Education is key in avoiding the problem of nutritional deficiencies caused by prescription drugs and other nutrient robbers (see sidebar). A preventive strategy includes a healthy diet and additional nutritional supplements to counteract the effects of any suspect medications and our modern lifestyle.

Taking Oral Contraceptives?

You may need: folic acid, B-vitamins, vitamin C, magnesium, selenium, zinc, tyrosine.

Eat: dark green leafy vegetables, broccoli, brussels sprouts, spinach, organic eggs, wheat germ, brewer’s yeast, cashews, almonds, legumes.

Supplement daily with: two heaping tablespoons of a nutrient-rich, powdered “green drink” formula, multivitamin/mineral with zinc, B-complex vitamin containing folic acid.

Consider: safer birth control methods such as condoms, cervical cap, IUD, or the new birth control patch.

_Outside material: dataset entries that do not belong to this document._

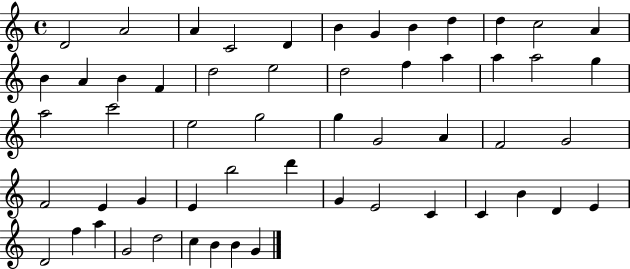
X:1
T:Untitled
M:4/4
L:1/4
K:C
D2 A2 A C2 D B G B d d c2 A B A B F d2 e2 d2 f a a a2 g a2 c'2 e2 g2 g G2 A F2 G2 F2 E G E b2 d' G E2 C C B D E D2 f a G2 d2 c B B G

Nutritional Deficiencies: Common Causes

We have discussed how common medications, and birth control pills in particular, can reduce the body’s stores of important nutrients. Nutritional deficiencies in general, however, start with our diet. Most people know they should eat healthier meals, but don’t. Fast-paced lifestyles cause many to consume nutritionally deficient meals because they rely on fast food or packaged/processed foods. Further, data from the US Department of Agriculture reveals that nutrient-poor soil caused by industrial farming techniques has resulted in a substantial reduction in the nutritional content of the commercially available food supply over the past 50 years. Environmental pollution puts increased stress on our bodies and can contribute to nutrient depletions.

Although I am unaware of any recent studies on Canadian nutritional deficiencies, I would imagine there are similarities with American data. One US Department of Agriculture study reported that 80 percent of Americans consumed less than the recommended daily allowance (RDA) for vitamin B6; 75 percent consumed less than the RDA for magnesium; 68 percent consumed less than the RDA for calcium; 50 per ent consumed less than the RDA for vitamin A; and 30 to 40 percent consumed less than the RDA for vitamins B1, B2, B3, B12, and vitamin C.

RDAs are for intended for health maintenance only, not for therapeutic purposes, and many experts believe they are set far too low. With this in mind, supplementing with additional nutritional products makes good sense from a preventive point of view.